Clint Eastwood'un yönetmeni kovduğu film Hollywood'u nasıl tamamen değiştirdi?

1976 yapımı meşhur kovboy filminde yaşananlar "Eastwood Kuralı"nın doğmasına neden oldu

93 yaşındaki Eastwood'un 4 Akademi Ödülü bulunuyor (IMDb)
93 yaşındaki Eastwood'un 4 Akademi Ödülü bulunuyor (IMDb)
TT

Clint Eastwood'un yönetmeni kovduğu film Hollywood'u nasıl tamamen değiştirdi?

93 yaşındaki Eastwood'un 4 Akademi Ödülü bulunuyor (IMDb)
93 yaşındaki Eastwood'un 4 Akademi Ödülü bulunuyor (IMDb)
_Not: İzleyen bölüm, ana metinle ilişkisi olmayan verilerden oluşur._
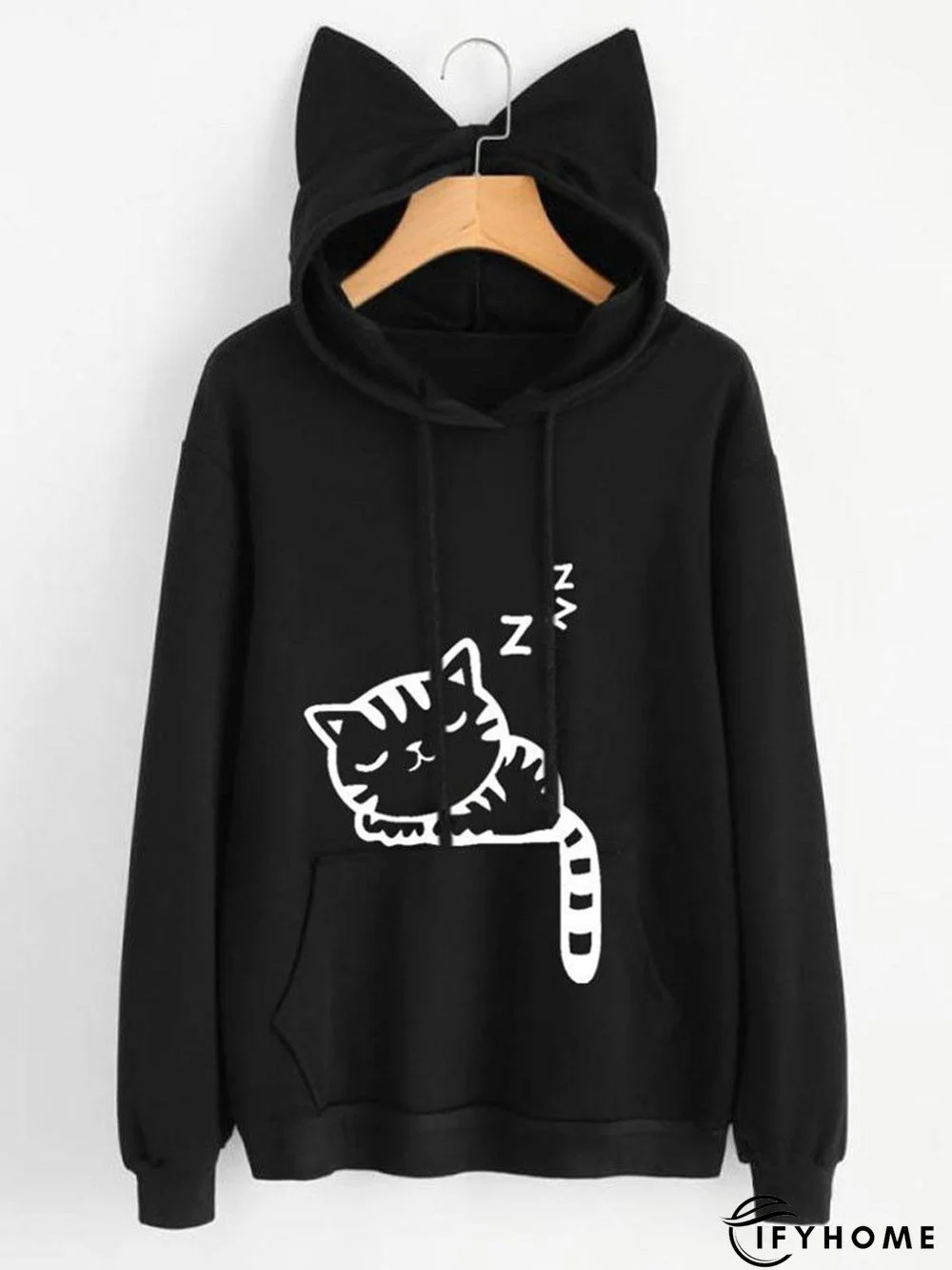 Long Sleeve Cat Printed Hoodie | IFYHOME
Clint Eastwood, Hollywood kariyerinin başlangıcından bu yana yaratıcı ve güçlü bir figür oldu, hem oyunculuk hem de yönetmenlikte birçok ödül kazandı.
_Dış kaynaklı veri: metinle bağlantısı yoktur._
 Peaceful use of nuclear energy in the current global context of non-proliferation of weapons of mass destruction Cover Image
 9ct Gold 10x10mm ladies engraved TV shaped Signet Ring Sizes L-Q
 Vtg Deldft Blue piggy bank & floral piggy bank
Tecrübeli oyuncu, kovboy filmlerinde canlandırdığı karakterlerle kendi kimliğini inşa ederek adını duyurdu. Kamera arkasındaysa, En İyi Yönetmen kategorisinde iki Akademi Ödülü kazanmasına yardımcı olan benzersiz çekim tarzlarıyla ün kazandı.

Tom Hanks, "Oyuncularına at gibi davranıyor" demişti

Ancak Eastwood, yer aldığı filmlerle ilgili beklentileri ve perde arkası kararları konusunda son derece sert olmasıyla tanınıyor.  Örneğin Tom Hanks bir keresinde Clint Eastwood'un yönetmenlik tarzı hakkında "Oyuncularına at gibi davranıyor" yorumunu yapmıştı.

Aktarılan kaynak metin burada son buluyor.